The input:
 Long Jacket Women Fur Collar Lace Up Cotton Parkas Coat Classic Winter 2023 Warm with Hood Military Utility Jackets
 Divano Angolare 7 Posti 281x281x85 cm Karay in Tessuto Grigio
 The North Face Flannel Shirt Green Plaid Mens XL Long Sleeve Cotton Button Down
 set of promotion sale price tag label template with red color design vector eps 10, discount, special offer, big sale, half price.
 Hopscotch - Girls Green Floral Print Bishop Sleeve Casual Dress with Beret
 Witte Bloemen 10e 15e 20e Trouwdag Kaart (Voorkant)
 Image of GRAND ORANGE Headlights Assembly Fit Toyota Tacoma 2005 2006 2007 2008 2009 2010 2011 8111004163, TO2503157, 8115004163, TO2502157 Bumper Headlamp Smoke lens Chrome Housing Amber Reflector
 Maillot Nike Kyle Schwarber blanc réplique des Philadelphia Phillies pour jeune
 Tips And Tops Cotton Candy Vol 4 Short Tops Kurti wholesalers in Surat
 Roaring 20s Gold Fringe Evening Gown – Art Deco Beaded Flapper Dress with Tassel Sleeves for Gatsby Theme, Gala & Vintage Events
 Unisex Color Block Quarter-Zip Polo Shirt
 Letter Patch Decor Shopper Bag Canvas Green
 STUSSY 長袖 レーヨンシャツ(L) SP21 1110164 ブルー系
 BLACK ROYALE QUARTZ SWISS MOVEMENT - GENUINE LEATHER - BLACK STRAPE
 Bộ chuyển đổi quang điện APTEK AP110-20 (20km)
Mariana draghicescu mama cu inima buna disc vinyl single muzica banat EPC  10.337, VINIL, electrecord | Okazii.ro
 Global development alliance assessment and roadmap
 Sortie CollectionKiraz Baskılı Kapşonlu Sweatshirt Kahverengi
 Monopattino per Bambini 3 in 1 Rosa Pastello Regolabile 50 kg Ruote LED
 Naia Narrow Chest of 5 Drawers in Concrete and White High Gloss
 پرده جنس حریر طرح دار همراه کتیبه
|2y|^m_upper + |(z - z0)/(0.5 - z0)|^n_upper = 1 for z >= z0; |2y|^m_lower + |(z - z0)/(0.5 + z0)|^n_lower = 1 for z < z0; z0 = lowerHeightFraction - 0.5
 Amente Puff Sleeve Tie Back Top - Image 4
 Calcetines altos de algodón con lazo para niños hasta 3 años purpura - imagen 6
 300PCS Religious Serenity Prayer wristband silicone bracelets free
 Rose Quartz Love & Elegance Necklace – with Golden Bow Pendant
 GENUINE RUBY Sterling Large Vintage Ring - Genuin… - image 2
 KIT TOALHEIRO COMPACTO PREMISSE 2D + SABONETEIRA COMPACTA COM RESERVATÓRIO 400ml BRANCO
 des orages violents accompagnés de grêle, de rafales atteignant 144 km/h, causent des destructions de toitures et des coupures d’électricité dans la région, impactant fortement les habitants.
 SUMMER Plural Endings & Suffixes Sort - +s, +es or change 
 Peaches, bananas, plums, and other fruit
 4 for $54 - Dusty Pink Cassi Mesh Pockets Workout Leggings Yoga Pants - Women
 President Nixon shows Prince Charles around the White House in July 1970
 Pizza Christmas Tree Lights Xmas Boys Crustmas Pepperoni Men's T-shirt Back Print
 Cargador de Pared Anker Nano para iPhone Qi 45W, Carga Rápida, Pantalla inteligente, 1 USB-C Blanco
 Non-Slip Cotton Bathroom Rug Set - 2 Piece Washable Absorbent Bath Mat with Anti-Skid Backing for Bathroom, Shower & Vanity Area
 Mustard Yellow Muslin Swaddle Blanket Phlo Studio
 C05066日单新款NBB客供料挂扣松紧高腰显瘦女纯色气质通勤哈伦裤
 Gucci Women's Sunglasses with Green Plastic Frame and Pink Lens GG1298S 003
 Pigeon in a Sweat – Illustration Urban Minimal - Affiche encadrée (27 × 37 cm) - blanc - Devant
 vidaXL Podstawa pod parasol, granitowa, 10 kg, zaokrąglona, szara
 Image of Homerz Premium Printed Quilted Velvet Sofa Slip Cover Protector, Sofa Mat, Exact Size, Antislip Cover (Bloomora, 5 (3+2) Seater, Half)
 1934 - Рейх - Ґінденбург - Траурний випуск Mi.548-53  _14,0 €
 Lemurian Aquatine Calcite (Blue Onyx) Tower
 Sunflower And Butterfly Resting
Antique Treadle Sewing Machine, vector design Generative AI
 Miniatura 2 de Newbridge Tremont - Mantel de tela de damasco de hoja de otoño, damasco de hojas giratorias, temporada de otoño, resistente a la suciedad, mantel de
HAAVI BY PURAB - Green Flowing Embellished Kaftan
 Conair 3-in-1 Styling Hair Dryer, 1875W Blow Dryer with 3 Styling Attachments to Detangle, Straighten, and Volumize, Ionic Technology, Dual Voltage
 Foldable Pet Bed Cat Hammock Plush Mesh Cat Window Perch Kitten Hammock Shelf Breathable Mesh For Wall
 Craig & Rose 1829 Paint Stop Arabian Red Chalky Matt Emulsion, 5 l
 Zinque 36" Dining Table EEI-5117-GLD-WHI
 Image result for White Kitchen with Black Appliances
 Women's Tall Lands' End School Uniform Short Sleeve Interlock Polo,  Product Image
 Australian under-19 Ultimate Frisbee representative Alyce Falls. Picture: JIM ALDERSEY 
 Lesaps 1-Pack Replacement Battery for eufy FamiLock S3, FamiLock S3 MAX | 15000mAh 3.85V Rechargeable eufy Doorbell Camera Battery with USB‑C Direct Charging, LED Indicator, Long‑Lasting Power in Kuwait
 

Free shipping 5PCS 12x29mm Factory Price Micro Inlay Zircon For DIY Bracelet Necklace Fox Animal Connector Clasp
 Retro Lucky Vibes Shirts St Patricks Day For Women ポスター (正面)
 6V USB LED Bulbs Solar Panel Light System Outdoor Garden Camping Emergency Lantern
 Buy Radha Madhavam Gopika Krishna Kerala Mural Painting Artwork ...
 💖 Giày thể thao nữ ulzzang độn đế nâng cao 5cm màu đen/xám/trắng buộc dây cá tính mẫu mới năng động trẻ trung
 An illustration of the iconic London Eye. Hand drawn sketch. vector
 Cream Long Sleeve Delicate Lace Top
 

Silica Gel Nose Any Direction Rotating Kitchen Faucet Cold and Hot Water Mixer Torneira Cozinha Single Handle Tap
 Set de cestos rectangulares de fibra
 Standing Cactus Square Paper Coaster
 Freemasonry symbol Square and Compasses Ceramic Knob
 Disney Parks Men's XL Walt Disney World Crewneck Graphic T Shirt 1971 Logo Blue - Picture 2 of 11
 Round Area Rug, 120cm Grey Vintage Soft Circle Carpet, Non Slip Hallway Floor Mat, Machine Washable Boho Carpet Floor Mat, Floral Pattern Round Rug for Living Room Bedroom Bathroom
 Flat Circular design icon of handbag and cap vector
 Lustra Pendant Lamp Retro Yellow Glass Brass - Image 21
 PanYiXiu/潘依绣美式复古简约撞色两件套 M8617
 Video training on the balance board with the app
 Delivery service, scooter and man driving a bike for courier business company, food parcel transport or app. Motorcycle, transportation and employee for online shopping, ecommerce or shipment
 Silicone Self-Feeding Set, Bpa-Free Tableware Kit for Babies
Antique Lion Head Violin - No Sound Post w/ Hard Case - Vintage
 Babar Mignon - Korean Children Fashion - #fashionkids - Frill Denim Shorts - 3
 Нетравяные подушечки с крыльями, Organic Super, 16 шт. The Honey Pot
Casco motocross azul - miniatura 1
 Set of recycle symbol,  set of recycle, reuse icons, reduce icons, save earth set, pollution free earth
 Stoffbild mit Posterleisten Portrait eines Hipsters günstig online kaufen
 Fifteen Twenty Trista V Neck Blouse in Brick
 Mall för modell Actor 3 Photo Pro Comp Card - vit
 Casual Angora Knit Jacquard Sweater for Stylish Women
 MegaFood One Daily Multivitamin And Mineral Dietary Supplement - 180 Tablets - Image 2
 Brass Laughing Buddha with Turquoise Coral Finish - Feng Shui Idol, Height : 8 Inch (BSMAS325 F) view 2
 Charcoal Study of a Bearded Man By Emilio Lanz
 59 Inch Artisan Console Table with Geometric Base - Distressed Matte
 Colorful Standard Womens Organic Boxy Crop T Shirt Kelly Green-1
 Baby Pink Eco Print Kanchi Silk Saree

Work order:
All lines above from the one containing "Amente Puff Sleeve Tie Back Top - Image 4" to the one containing "Miniatura 2 de" must be repeated exactly, both lines included, and no others.

Result of this exercise:
 Amente Puff Sleeve Tie Back Top - Image 4
 Calcetines altos de algodón con lazo para niños hasta 3 años purpura - imagen 6
 300PCS Religious Serenity Prayer wristband silicone bracelets free
 Rose Quartz Love & Elegance Necklace – with Golden Bow Pendant
 GENUINE RUBY Sterling Large Vintage Ring - Genuin… - image 2
 KIT TOALHEIRO COMPACTO PREMISSE 2D + SABONETEIRA COMPACTA COM RESERVATÓRIO 400ml BRANCO
 des orages violents accompagnés de grêle, de rafales atteignant 144 km/h, causent des destructions de toitures et des coupures d’électricité dans la région, impactant fortement les habitants.
 SUMMER Plural Endings & Suffixes Sort - +s, +es or change 
 Peaches, bananas, plums, and other fruit
 4 for $54 - Dusty Pink Cassi Mesh Pockets Workout Leggings Yoga Pants - Women
 President Nixon shows Prince Charles around the White House in July 1970
 Pizza Christmas Tree Lights Xmas Boys Crustmas Pepperoni Men's T-shirt Back Print
 Cargador de Pared Anker Nano para iPhone Qi 45W, Carga Rápida, Pantalla inteligente, 1 USB-C Blanco
 Non-Slip Cotton Bathroom Rug Set - 2 Piece Washable Absorbent Bath Mat with Anti-Skid Backing for Bathroom, Shower & Vanity Area
 Mustard Yellow Muslin Swaddle Blanket Phlo Studio
 C05066日单新款NBB客供料挂扣松紧高腰显瘦女纯色气质通勤哈伦裤
 Gucci Women's Sunglasses with Green Plastic Frame and Pink Lens GG1298S 003
 Pigeon in a Sweat – Illustration Urban Minimal - Affiche encadrée (27 × 37 cm) - blanc - Devant
 vidaXL Podstawa pod parasol, granitowa, 10 kg, zaokrąglona, szara
 Image of Homerz Premium Printed Quilted Velvet Sofa Slip Cover Protector, Sofa Mat, Exact Size, Antislip Cover (Bloomora, 5 (3+2) Seater, Half)
 1934 - Рейх - Ґінденбург - Траурний випуск Mi.548-53  _14,0 €
 Lemurian Aquatine Calcite (Blue Onyx) Tower
 Sunflower And Butterfly Resting
Antique Treadle Sewing Machine, vector design Generative AI
 Miniatura 2 de Newbridge Tremont - Mantel de tela de damasco de hoja de otoño, damasco de hojas giratorias, temporada de otoño, resistente a la suciedad, mantel de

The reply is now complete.